HPC 101 - Scalability

Introduction

Scalability is a vast and complex topic within the HPC research field. Thus, this section only serves as a brief starting point. In short, scalability refers to how the performance of a workload increases with an increase in computational resources.

Calculating performance up scaling

For example, suppose you have a workload that takes 10 day to complete on a single node with 64 cores (threads). When you add another node with the same specifications, scalability is measured by the magnitude of time reduction observed. Thus if the workload now completed in 5 days, you would have seen a 100% (or 2x) increase in performance. This type of scaling is referred to as linear scaling.

Scenarios for performance scaling

However scaling is not always linear.

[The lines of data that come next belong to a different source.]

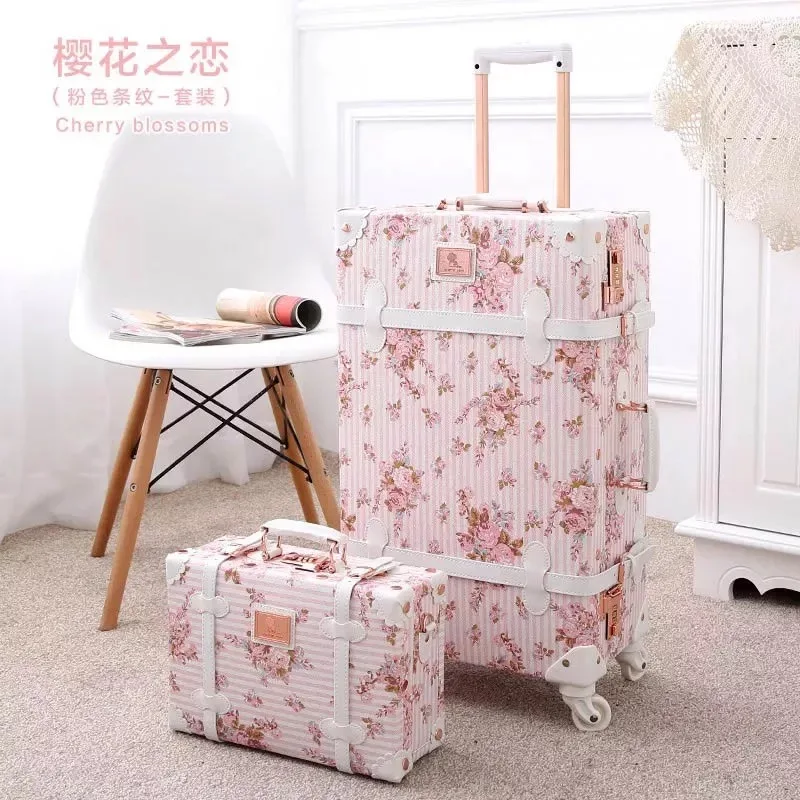 Blume 2 TEILE/SATZ Vintage Luxus PU Reisegepäck mit Handtasche Frauen Retro Trolley Koffer Tasche Mädchen Kosmetik Make-up Koffer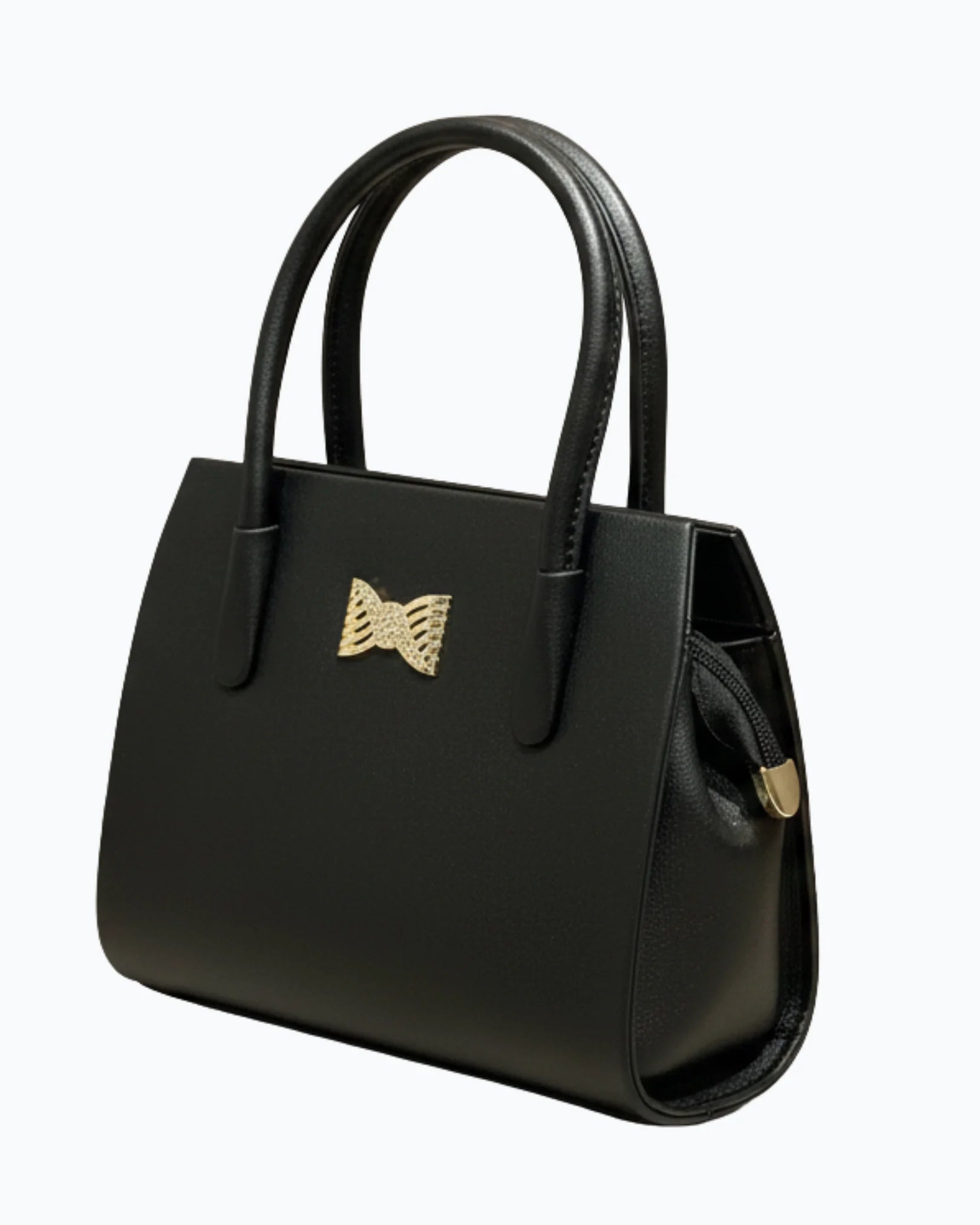 Black Handbag Double Handle Bow Lora Halle
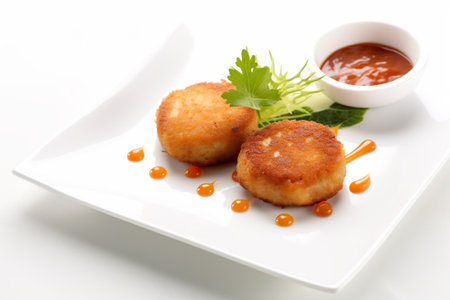 Eomuk, fish cakes served with a sweet and savory sauce, AI generative starter.の素材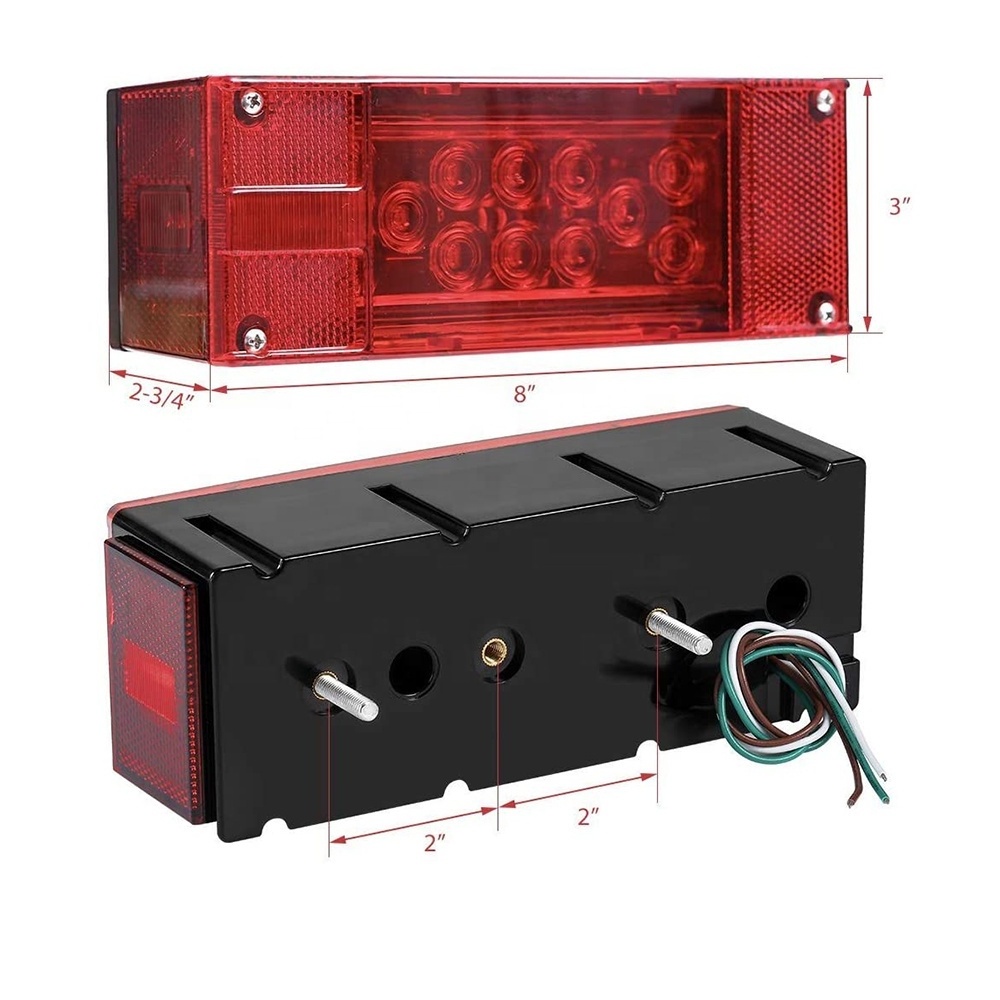 12V LED Low Profile Submersible Rectangular Trailer Light Kit Tail Stop Turn Running Lights for Boat Trailer Truck Marine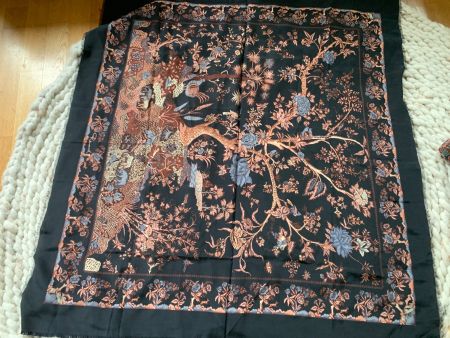 vintage Seidenfoulard schwarz  von Renard 95 x 95 cm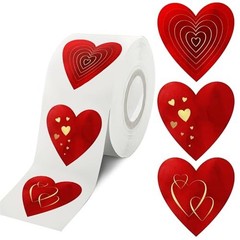 2500 Red Heart Shape Stickers with Gold Foil – 1.5″ for Valentine’s Day, Party D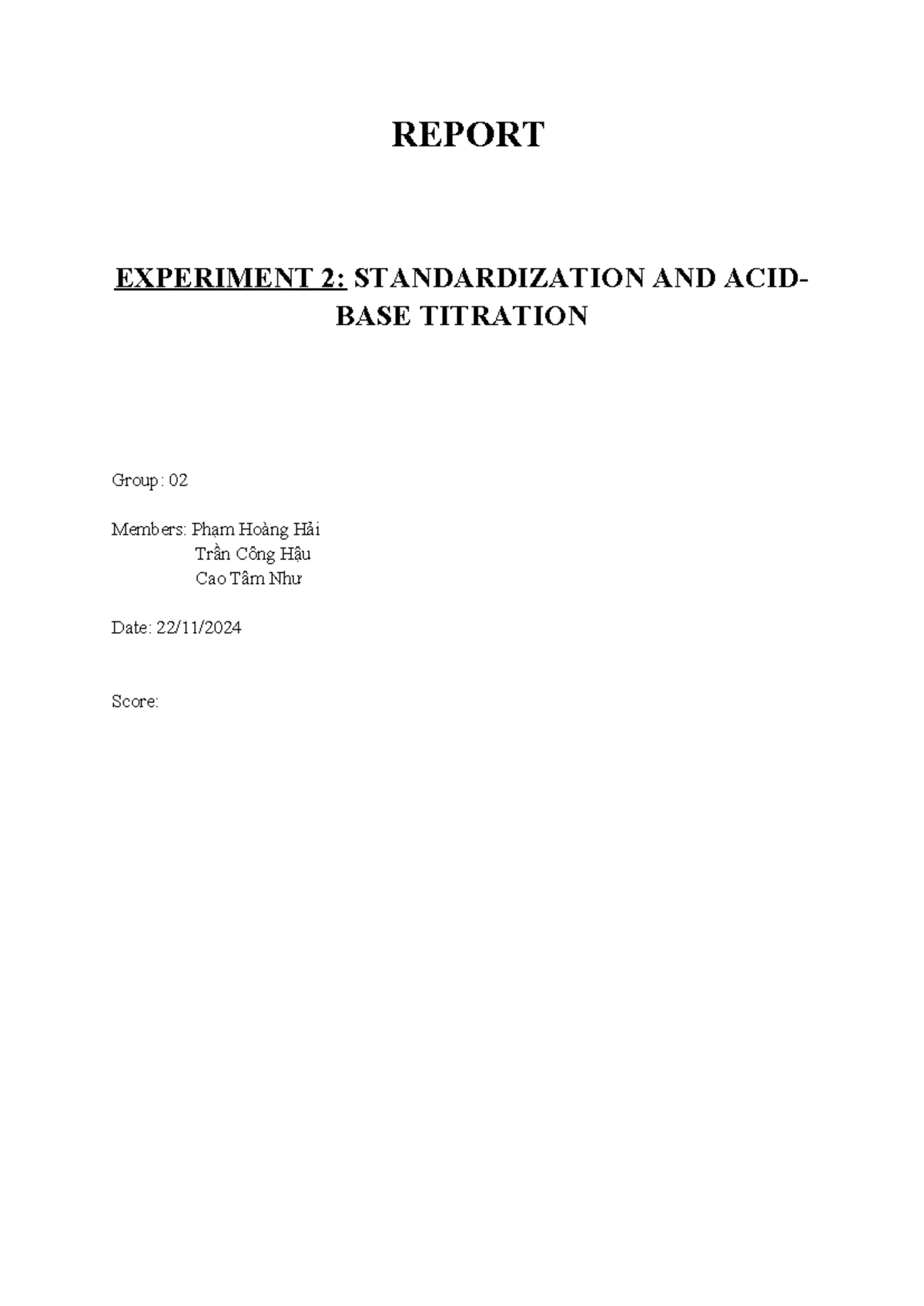 Ana Chem Lab 2 - Standardization & Titration Report - Studocu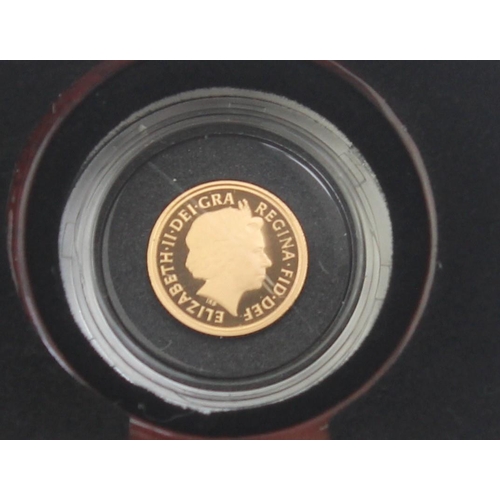 1262 - Gold Coins - Quarter Sovereign - 2015 Queen Elizabeth II gold proof coin, in original box with paper... 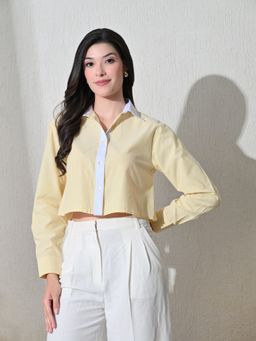 Ikonic Klaer - Women Yellow Cotton Striped Shirt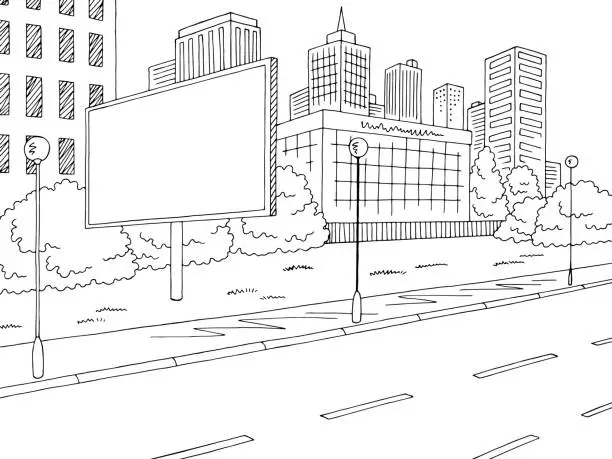 Vector illustration of Road billboard graphic black white city landscape sketch illustration vector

There may be a scenario where the scaling remains linear up until a specific number of cores (threads) / nodes are reached and then diminished scaling (for example: only a 0.1 performance improvement is obtained after increasing the resources by 100%) occurs. Performance may even decrease after a certain point.

The scenarios referred to above is often dictated with how the specific software being utilized achieves parallelization, i.e. how it de-constructs and distributes a workload in a parallel computing environment. Thus, again, it is important that a user understand how the software they wish to utilize in the HPC environment performs this parallelization. In this way, the user may aid the HPC staff in optimizing the scalability of the software for the specific HPC infrastructure provided. This in turn will be to the benefit of the rest of the HPC user base.